Crafting the 3D Printed Cocoon

The construction process encompassed a comprehensive range of tasks completed within the 40-hour window. This included the installation of 3D printed modules, civil works, waterproofing, flooring, painting, electrical and plumbing installations, and the fitting of office furniture and landscaping.

Anup Mathew, Senior Vice President and Business Head, Godrej Construction said, “‘The Cocoon’ is a manifestation of our relentless pursuit of pushing boundaries, not just in terms of architectural design, but also in redefining construction timelines. Construction of ‘The Cocoon’ is a good demonstration of an effective team collaboration integrated with good project planning using tools like Building Information Modeling (BIM), Lean Construction methods, and 3D Construction Printing.”
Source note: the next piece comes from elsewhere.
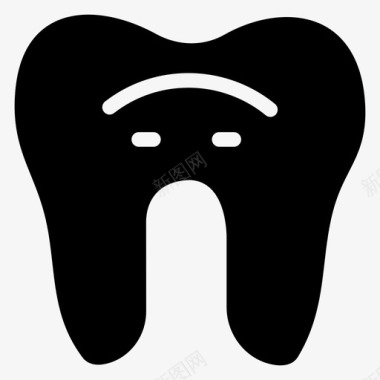 人类牙齿牙医图标图标
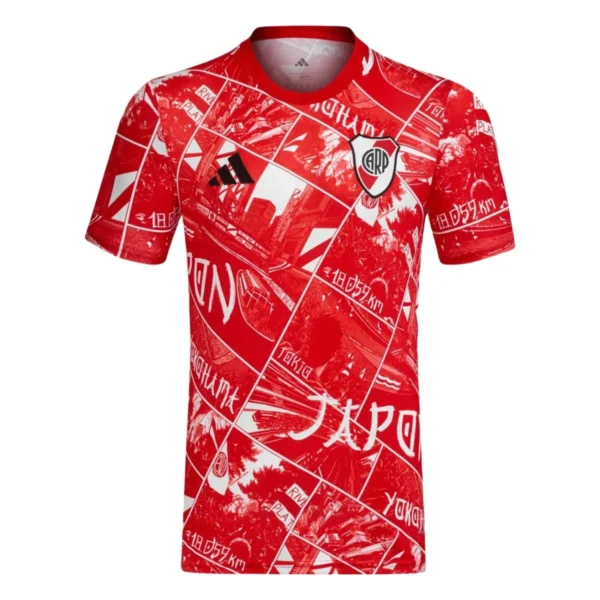 Camisa Pré-Jogo River Plate 2025/26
The curvilinear geometry of the office is not only meant to pleasing to the eye, but also demonstrates the flexibility of AC, as traditional construction techniques would have a difficult time achieving the same look. This particularly true since the layout is column-free, maximizing usable space. It also includes a prefabricated toilet unit, exemplifying the structure’s modular nature.
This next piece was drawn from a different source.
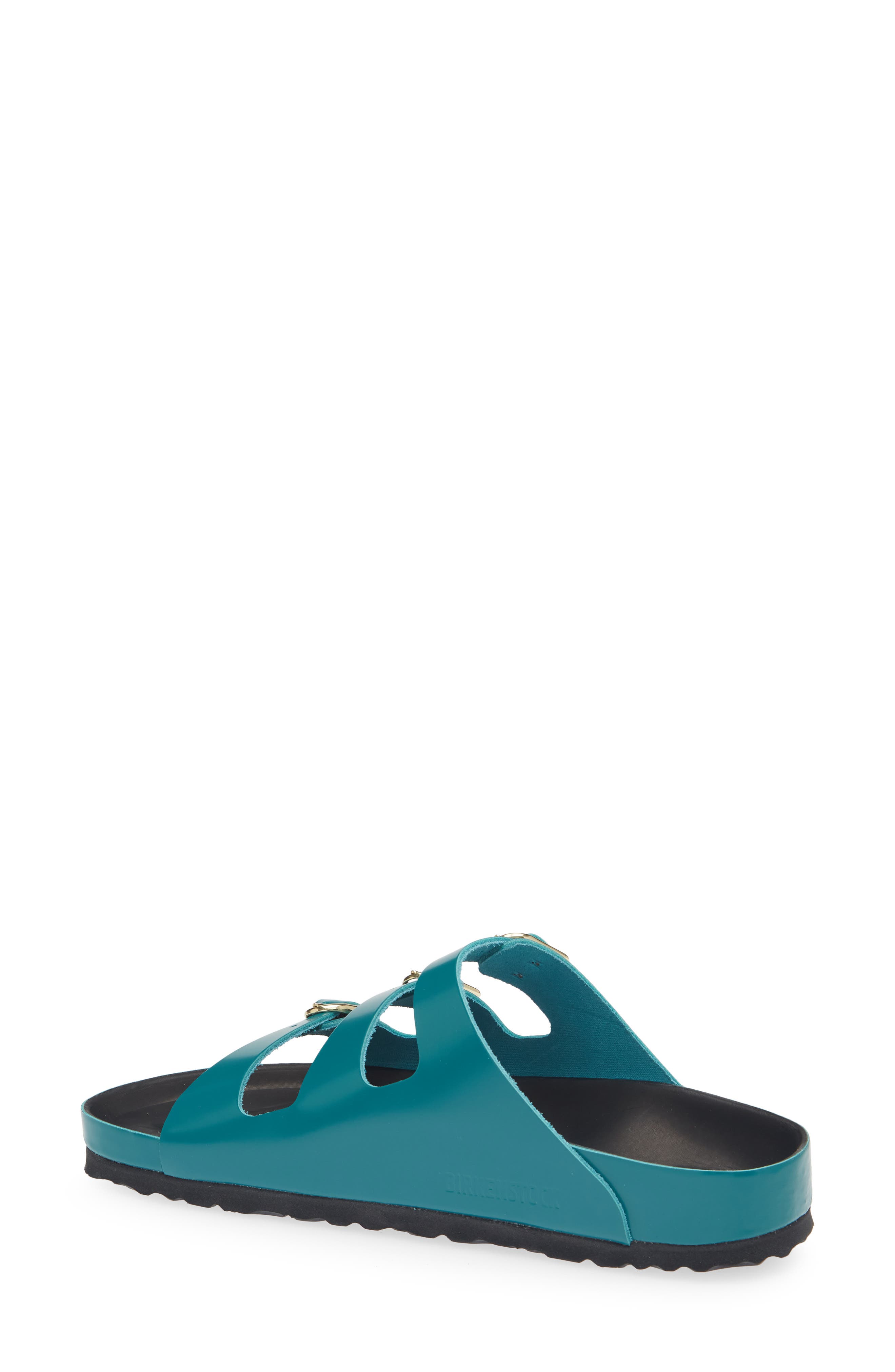 Florida Sandal, Alternate, color, DARK TEAL HIGH SHINE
“We had the option of making it rectangular and build it with beams and columns, but it would have taken longer. So, we decided to make column-less structure with a curvature, and elliptical design which will look more aesthetic. 3D construction printing technology allows you to make complex designs,” said Abhijeet Gawde, Head of Business Development & Marketing at Godrej Construction.

Pursuing AC also falls in line with Godrej Construction’s strategy to make its field more sustainable, as the technology is meant to generate less waste overall due to the lack of concrete formworks necessary, among other things. In 2016, the business established a recycled concrete manufacturing plant.

“We have processed nearly 30,000 metric tonnes of construction debris so far. We manufacture and supply paver blocks, solid blocks, AAC blocks, box culverts using recycled concrete aggregates to real estate developers as well as infrastructure companies and projects,” Gawde said.

Gawde highlighted that the company has provided more than 450 box culverts, constructed with a mixture containing 10% recycled concrete aggregates, for major infrastructure developments. Additionally, the unit’s solid blocks and pavers have been key to the construction of the Mumbai Metro 2A and 7 lines.

In this case, the Cocoon was constructed using a concrete mix that includes up to 20% recycled concrete aggregates sourced from concrete debris recycled at the Godrej & Boyce facility in Vikhroli, Mumbai.

The Godrej Group and India’s Rising Status

The history of the Godrej Group dates back to 1897 with the sale of locks to address India’s rising crime at that time. Since then, it has evolved to become a US$4.1 billion conglomerate involved in real estate, consumer products, industrial engineering, appliances, furniture, security and agricultural products. The Godrej family now boasts $16.7 billion, making it one of the richest in India.

Just as AC has immense potential in developed nations, particularly the U.S., as they attempt to update infrastructure alongside sustainability initiatives, developing countries may be able to more quickly grow theirs in accordance with economic expansion. This is especially true for India, which is on track to becoming one of the world’s most powerful countries.

A bus shelter 3D printing by Godrej Construction and Tvasta.

From being the 11th largest economy in the world in the early 2000s, India became the 5th largest by 2019, overtaking the United Kingdom and France. In terms of AM, the country’s “Make in India” strategy seeks to carve out a five percent stake in the global AM market, with the aim of contributing nearly US$ 1 billion to India’s GDP by 2025. In turn, we’ve seen both established Indian conglomerates, such as ArcelorMittal, and 3D printing startups aim to tap this market.

Godrej Construction has been exploring AC for over two years with Indian construction 3D printing startup, Tvasta, making bus shelters and security pavilions that were erected at the Vikhroli campus. Given the importance of the group in India’s economy and the use of Godrej Construction in existing infrastructure projects, it wouldn’t be surprising for the business to deploy AC for future endeavors.